The Conversation Neither Side Wants to Have

The traditional security model assumes asymmetry. Defenders have more resources, more access, more institutional knowledge, more time. The attacker has to find one way in; the defender has to protect everything. That asymmetry has always been the defender’s burden, but it was manageable because the attacker’s tools required skill, access, and time that most people didn’t have.

AI tooling is flattening that asymmetry. The same tools that let a junior developer scaffold an entire application in an afternoon let a junior attacker scaffold an entire attack chain in the same timeframe. The skill floor dropped. The access barriers dropped. The time-to-capability dropped. And it dropped for everyone simultaneously.

On the builder side, the traditional model assumes good faith. If you’re building, you’re creating value. The ecosystem rewards shipping. But AI tools make it trivially easy to build things that extract value instead of creating it — and the tools themselves can’t tell the difference. A developer who builds a data pipeline and a developer who builds an exfiltration pipeline use the same frameworks, the same APIs, the same deployment targets.

Neither the security model nor the builder model accounts for this. The security model underestimates the attacker’s access to capability. The builder model underestimates the risk embedded in the builder’s own tools. And in between, the gap between “resourceful builder” and “capable attacker” narrows to almost nothing.

Same pipeline, different intent — seven identical steps, zero architectural differences

I’ve mapped what a full escalation chain looks like — from reconnaissance to transaction fraud, in a handful of conversational turns. No compiled exploits. No custom malware. Just text, context, and a model doing exactly what it was designed to do.

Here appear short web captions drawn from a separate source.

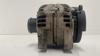 Alternator 9646321880 PEUGEOT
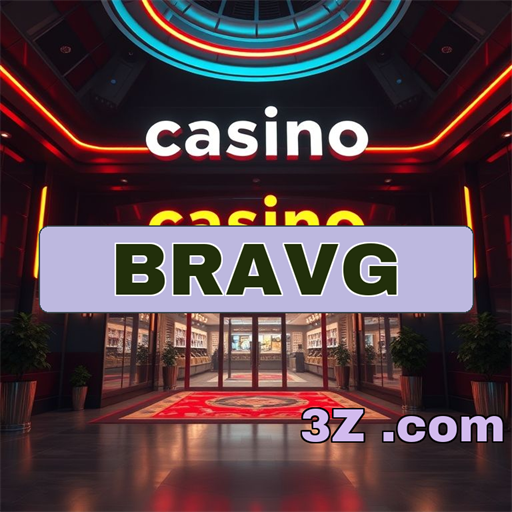 Confiavel: Explore os Recursos Incríveis do bravg.com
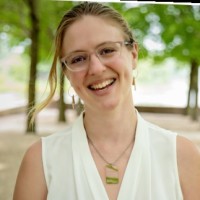 Julie Steffens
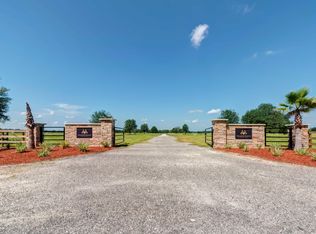 12 Phillips Rd, Brooksville, FL 34604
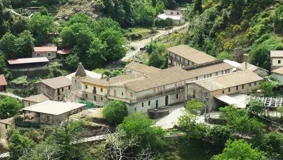 santuario-polsi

Do you think the two sides are using different ai? Is your model better because it isn’t “bad”? Both of these can be accomplished with the same generic OTS (Off-the-shelf) model you have. Not to say there aren’t better or faster ways, but I want both sides to know that good-v-bad can both use frontier AI models. Just stack a few “AI Hacking” skills and they either book a client, or stole their credit card. Same-Same.

Open Questions

I don’t have a prescription for this. I’m not sure anyone does yet. But I think the right questions are worth more than premature answers.

If the tooling can’t distinguish intent, who bears responsibility for the output — the builder who configured it, the model provider who trained it, or the platform that deployed it?

What does a security model look like when the attacker and the defender have access to the same tools, at the same capability level, with the same documentation?

How do you audit a process that the operator didn’t watch and the tool didn’t log?

At what point does “resourceful building” become indistinguishable from “capable attacking” — and does that distinction matter if the outcome is the same?

If the tools available to the general public are this capable, what are the tools we don’t have access to already doing?

And the one that sits with me the most: what are the models learning from all of this — from the builders, from the attackers, from the red teamers, from every prompt and every session — and who, if anyone, is watching?

Every system described in this article — every pipeline, every agent, every tool chain — works because it was built correctly. The whole thing only has to be off-by-one and it shifts entirely.

The whole thing only has to be off-by-one.